By: Steve Lackmeyer – The Oklahoman – Harold Hamm announced Wednesday his personal foundation and Continental Resources are donating a combined $50 million to establish an institute aimed at being “the center of all things energy.”
Hamm, founder of Continental Resources, and Oklahoma State University president Kayse Shrum said the Hamm Institute for American Energy will be the anchor tenant at what was previously known as OSU Discovery Center at 300 NE 9.
The Hamm Institute’s mission is to educate the next generation of energy leaders — in Oklahoma, the United States, and from around the world — cementing Oklahoma’s legacy as a global energy leader.
“The generous gifts from Harold Hamm and Continental Resources to establish the Hamm Institute for American Energy will have a transformative impact on OSU and the energy sector worldwide,” Shrum said. “With a state-of-the-art lab featuring wells drilled below the building, an auditorium, and classrooms, this building is fit for purpose.”
Transition to the institute is expected to start immediately with the $50 million to fund bringing researchers, scientists, and students and faculty together in one place to pursue innovation in producing energy while also looking at environmental concerns, pollution sources, and solutions.
The complex being turned into the institute was originally opened in 2016 as home to the GE Global Research Oil and Gas Technology Center. The division was then merged with Baker Hughes, which in 2020 donated the $110 million complex and adjoining parking garage to OSU. Baker Hughes leases the top floor of the building.
The initial funding for the institute will be a gift of $50 million dollars — $25 million from the Harold Hamm Foundation and $25 million from Continental Resources.
The building will eventually house the Oklahoma Hall of Energy Legends Interactive Museum, a public exhibit highlighting the history and storied legacy of Oklahoma’s great energy leaders.
Hamm, a native Oklahoman, and founder and chairman of Continental Resources began his career in oil and gas over five decades ago, starting out with a single oil service truck and a dream. Hamm cited Oklahoma’s history as a center for the oil and gas industry, where Phillips 66, Conoco, and Cities Service were all started.
An oil well is located inside the new institute and will be a part of its research mission. The entire area east of I-235, including all of the Innovation District, was a forest of oil derricks in the 1920s, and some wells remain, including one at the Capitol steps.

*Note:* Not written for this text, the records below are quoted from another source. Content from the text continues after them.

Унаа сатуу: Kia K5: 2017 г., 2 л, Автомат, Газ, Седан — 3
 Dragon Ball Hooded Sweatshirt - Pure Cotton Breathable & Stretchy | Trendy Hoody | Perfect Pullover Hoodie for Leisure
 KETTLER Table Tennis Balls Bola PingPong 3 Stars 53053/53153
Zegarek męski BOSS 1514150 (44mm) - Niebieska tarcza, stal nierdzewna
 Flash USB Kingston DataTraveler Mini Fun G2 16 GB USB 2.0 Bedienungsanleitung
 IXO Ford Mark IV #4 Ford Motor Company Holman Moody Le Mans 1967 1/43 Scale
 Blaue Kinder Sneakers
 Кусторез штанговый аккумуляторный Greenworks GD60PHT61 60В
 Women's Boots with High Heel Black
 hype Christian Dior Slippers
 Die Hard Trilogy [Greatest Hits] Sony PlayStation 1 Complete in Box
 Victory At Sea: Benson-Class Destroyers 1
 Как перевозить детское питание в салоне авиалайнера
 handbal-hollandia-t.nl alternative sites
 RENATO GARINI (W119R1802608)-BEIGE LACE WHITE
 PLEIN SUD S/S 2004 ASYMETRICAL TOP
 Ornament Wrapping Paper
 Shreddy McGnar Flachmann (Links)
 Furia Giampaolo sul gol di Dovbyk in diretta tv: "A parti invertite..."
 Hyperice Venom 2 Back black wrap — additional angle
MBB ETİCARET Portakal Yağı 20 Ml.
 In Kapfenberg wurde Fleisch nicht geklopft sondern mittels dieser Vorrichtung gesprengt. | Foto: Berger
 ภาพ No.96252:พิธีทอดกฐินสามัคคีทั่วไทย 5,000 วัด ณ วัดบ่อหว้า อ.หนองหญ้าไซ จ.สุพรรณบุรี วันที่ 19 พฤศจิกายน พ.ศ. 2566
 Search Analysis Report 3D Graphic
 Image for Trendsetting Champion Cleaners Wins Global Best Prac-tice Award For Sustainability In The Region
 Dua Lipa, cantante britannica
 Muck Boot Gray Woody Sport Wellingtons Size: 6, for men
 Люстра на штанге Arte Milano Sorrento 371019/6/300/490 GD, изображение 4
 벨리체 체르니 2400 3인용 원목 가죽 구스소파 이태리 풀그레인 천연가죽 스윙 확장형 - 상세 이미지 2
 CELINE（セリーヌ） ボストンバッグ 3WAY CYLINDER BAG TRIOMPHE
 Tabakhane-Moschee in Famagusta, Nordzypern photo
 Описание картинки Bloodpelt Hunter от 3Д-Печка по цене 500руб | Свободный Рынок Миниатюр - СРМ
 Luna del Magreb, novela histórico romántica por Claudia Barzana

“It’s time, once again, for Oklahoma to become a global energy leader,” Hamm said. “It’s my hope the world will look to us for the best ideas when it comes to energy stewardship, research, and education,” Hamm said. “I see the Institute as a game-changer — a place where the best and the brightest will come together to responsibly solve the world’s energy challenges. A third of the world lives in energy poverty. We need to fix that. And we need to make sure Americans will always have an abundance of reliable, affordable energy for generations to come.”